Social apartheid refers to de facto segregation on the basis of class or economic status, in which an underclass is forced to exist separated from the rest of the population.[1] The word "apartheid", originally an afrikaans word meaning "separation", gained its current meaning during the South African apartheid that took place between 1948 and early 1994, in which the government declared certain regions as being "for whites only", with the black population forcibly relocated to remote designated areas.
Contents |
Typically a component in social apartheid, urban apartheid refers to the spatial segregation of minorities to remote areas. In the context of the South African apartheid, this is defined by the reassignation of the four racial groups defined by the Population Registration Act of 1950, into group areas as outlined by the Group Areas Act of 1950.[2] Outside of the South African context, the term has also come to be used to refer to ghettoization of minority populations in cities within particular suburbs or neighbourhoods.
The term has become common in Latin America in particular in societies where the polarization between rich and poor has become pronounced and has been identified in public policy as a problem that needs to be overcome, such as in Venezuela where the supporters of Hugo Chavez identify social apartheid as a reality which the wealthy try to maintain[3] and Brazil, where the term was coined to describe a situation where wealthy neighbourhoods are protected from the general population by walls, electric barbed wire and private security guards[4] and where inhabitants of the poor slums are subjected to violence.[5]
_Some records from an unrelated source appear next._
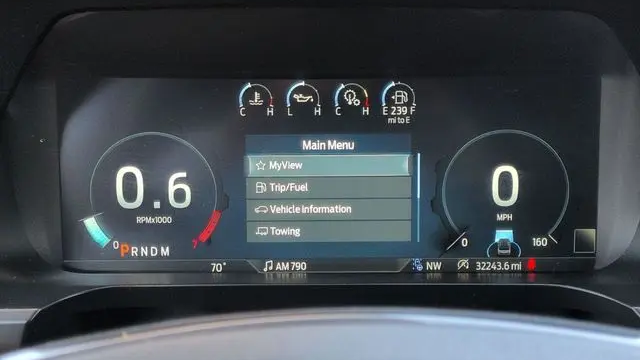 2023 Ford Expedition MAX Limited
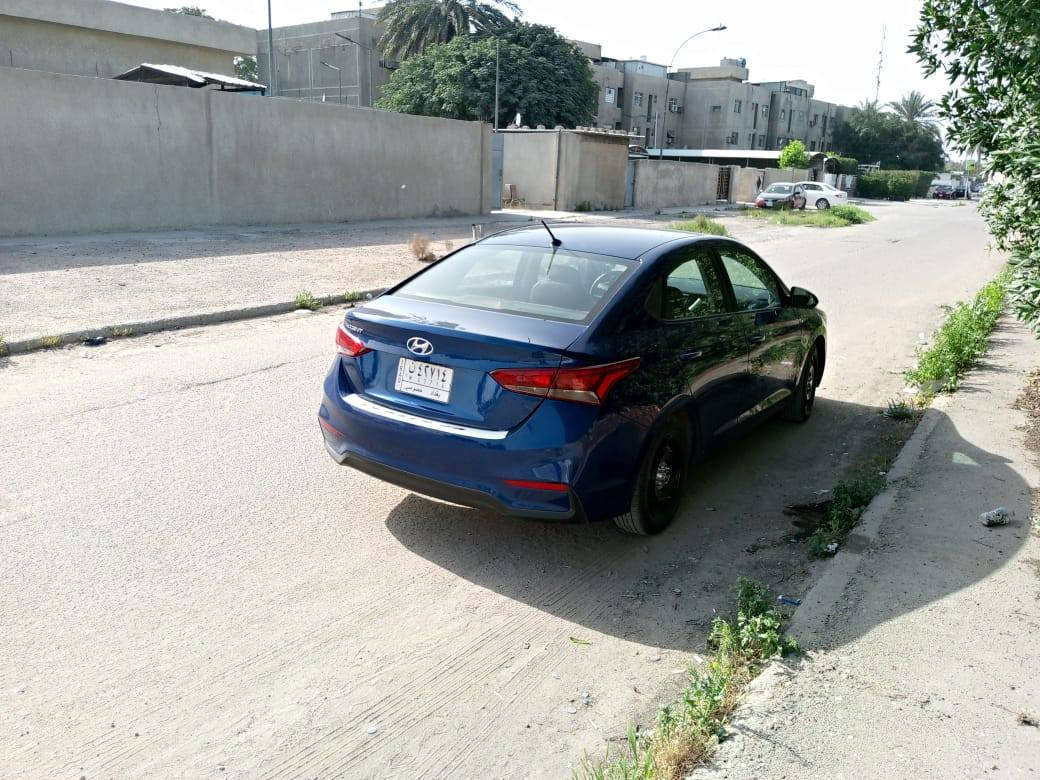 السلام عليكم اكسنت موديل 2021 كير سفتي محرك دوش 1600 كير محرك ما فتوحات شرط وضع شركه. تخم تاير صدر كله جديد سياره احله من الصور تجي وتشوف بعينك . سنويه باسمي رقم بغداد. سعر 120 وبيها مجال لشراي مكاني بغداد الدوره ***********
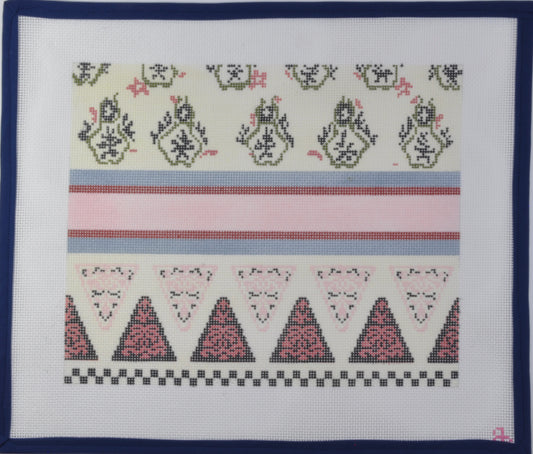 Bohemian Purse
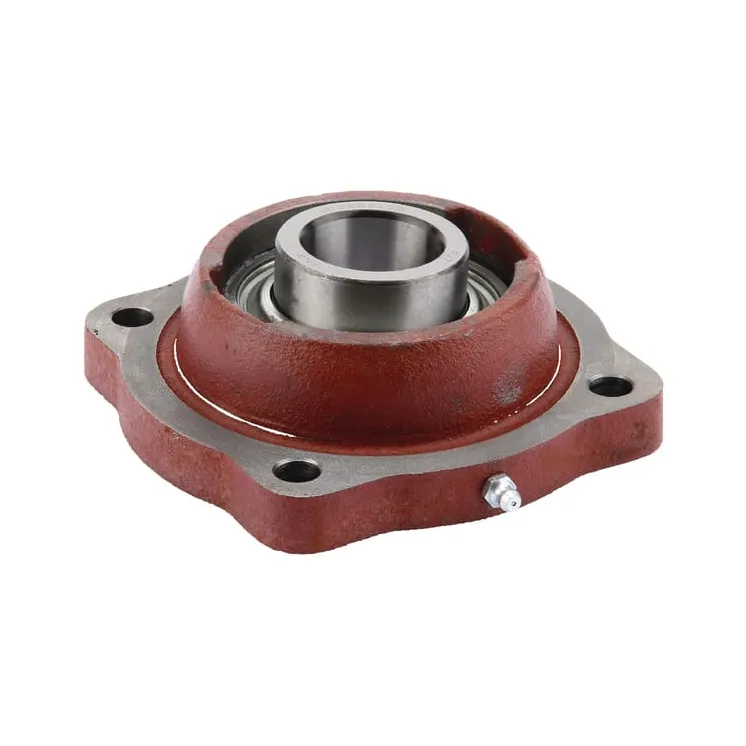 Bearing housing  52563800 Kuhn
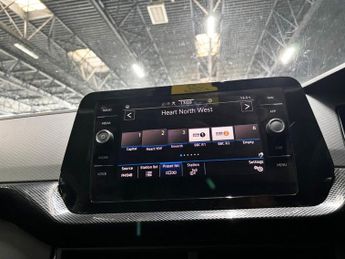 VOLKSWAGEN T-CROSS 1.0 TSI Match SUV 5dr Petrol Manual Euro 6 (s/s) (115 ps)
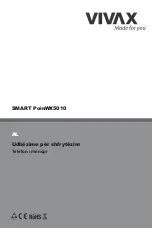 Предварительный просмотр 91 страницы Vivax SMART Point X5010 User Manual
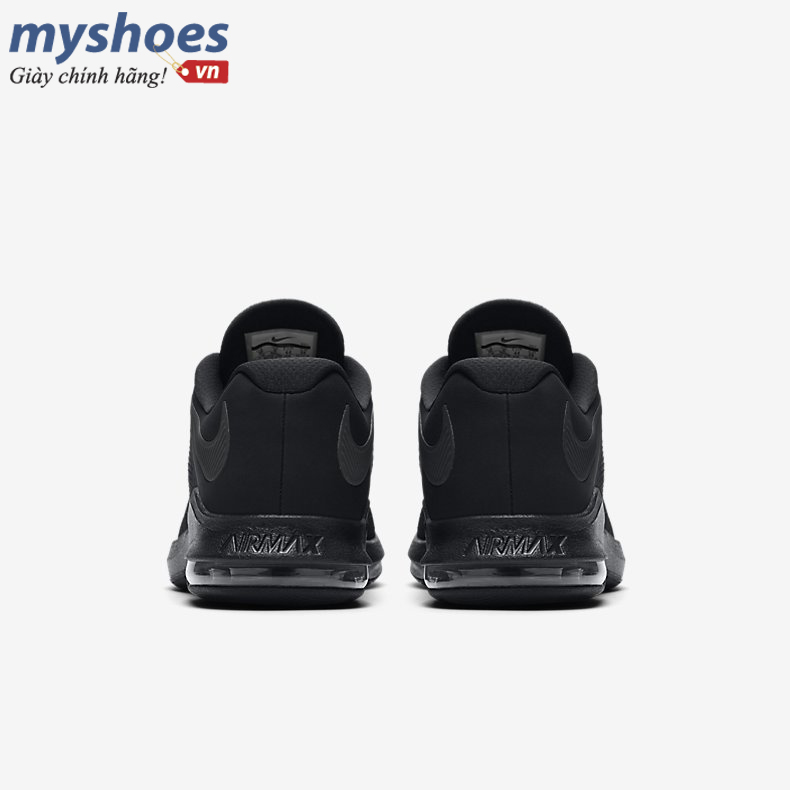 Giày Nike Air Max Alpha Trainer Nam- Đen  - hình 3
The Cuban government has been accused of creating an apartheid system, which whould be the only de facto and de jure apartheid system in Latinoamerica. Specifically, the government recognizes three groups of people with rights not granted to the others. Foreigners have rights not granted to Cubans: they can own houses and land. They can legally buy some electronics, and services such as internet, satellite TV and mobile phones. Ordinary Cubans are barred from the best hotels, beaches, shops and restaurants and cannot move inside the country or travel abroad without permission from the government. The government in practice grants permits to travel abroad, based in affinity to the regime and denies them to those who are not affine to the regime. The third group, Cubans residing abroad, can enter hotels and shops, but cannot own private property or remain in the country for more than a month as visitors. They cannot move back to Cuba as permanent residents or for retirement. Ordinary Cubans are sometimes even criminalized for approaching and talking to tourists.
The term social apartheid has also been used to explain and describe the ghettoization of Muslim immigrants to Europe in impoverished suburbs[6] and as a cause of rioting and other violence. A notable case is the social situation in the French suburbs, in which largely impoverished Muslim immigrants being concentrated in particular housing projects, and being provided with an inferior standard of infrastructure and social services.[7] The issue of urban apartheid in France was highlighted as such in the aftermath of the 2005 civil unrest in France.[8] It has also be used to describe the segregation in Northern Ireland.
In South Africa, the term "social apartheid" has been used to describe persistent post-apartheid forms of exclusion and de facto segregation which exist based on class but which have a racial component because the poor are almost entirely black Africans.[9][10] "Social apartheid" has been cited as a factor in the composition of HIV/AIDS in South Africa.[11]